Hoge Raad, 22-01-2016, ECLI:NL:HR:2016:95, 15/02139
Hoge Raad, 22-01-2016, ECLI:NL:HR:2016:95, 15/02139
Gegevens
- Instantie
- Hoge Raad
- Datum uitspraak
- 22 januari 2016
- Datum publicatie
- 22 januari 2016
- ECLI
- ECLI:NL:HR:2016:95
- Formele relaties
- In cassatie op : ECLI:NL:GHSHE:2015:1393
- Zaaknummer
- 15/02139
Inhoudsindicatie
HR: 81.1 RO.
Uitspraak
22 januari 2016
Nr. 15/02139
Arrest
gewezen op het beroep in cassatie van [X] te [Z] (hierna: belanghebbende) tegen de uitspraak van het Gerechtshof ’s-Hertogenbosch van 17 april 2015, nr. 14/00448, op het hoger beroep van belanghebbende tegen een uitspraak van de Rechtbank Limburg (nr. AWB 13/1942) betreffende de ten aanzien van belanghebbende gegeven beschikking op grond van de Wet waardering onroerende zaken voor het jaar 2013 betreffende de onroerende zaak [a-straat 1] te [Z] en de aan belanghebbende voor het jaar 2013 opgelegde aanslagen in de hondenbelasting.
1 Geding in cassatie
Belanghebbende heeft tegen ’s Hofs uitspraak beroep in cassatie ingesteld en daarbij een aantal middelen voorgesteld.
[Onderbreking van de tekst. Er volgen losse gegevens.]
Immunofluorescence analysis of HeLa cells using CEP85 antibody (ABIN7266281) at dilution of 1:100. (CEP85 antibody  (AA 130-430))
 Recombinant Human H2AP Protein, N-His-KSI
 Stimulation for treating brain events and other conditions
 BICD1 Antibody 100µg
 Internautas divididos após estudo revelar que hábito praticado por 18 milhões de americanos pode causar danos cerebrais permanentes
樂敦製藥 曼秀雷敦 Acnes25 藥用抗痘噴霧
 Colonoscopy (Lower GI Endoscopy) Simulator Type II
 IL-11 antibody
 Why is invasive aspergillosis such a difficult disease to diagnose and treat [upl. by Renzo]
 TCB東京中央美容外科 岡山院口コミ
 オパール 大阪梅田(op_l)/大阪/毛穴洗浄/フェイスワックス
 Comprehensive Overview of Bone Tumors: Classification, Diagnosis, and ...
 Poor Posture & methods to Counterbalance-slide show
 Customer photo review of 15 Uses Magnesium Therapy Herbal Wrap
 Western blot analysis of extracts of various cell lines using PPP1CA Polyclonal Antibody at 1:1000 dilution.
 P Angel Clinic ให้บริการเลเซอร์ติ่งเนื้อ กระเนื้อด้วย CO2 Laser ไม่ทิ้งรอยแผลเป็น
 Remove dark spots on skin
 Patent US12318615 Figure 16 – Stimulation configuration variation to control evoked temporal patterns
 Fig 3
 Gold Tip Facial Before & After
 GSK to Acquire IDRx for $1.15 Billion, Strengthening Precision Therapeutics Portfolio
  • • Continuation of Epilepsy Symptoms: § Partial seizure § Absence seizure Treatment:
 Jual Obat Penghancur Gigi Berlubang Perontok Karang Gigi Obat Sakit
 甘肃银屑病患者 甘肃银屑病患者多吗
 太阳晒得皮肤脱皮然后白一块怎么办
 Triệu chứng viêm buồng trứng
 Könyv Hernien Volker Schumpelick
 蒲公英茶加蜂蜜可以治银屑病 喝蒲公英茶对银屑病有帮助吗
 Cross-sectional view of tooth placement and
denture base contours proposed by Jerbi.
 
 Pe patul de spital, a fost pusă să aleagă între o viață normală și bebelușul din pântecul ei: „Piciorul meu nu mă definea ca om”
2 Beoordeling van de middelen
De middelen kunnen niet tot cassatie leiden. Dit behoeft, gezien artikel 81, lid 1, van de Wet op de rechterlijke organisatie, geen nadere motivering, nu de middelen niet nopen tot beantwoording van rechtsvragen in het belang van de rechtseenheid of de rechtsontwikkeling.
3 Proceskosten
De Hoge Raad acht geen termen aanwezig voor een veroordeling in de proceskosten.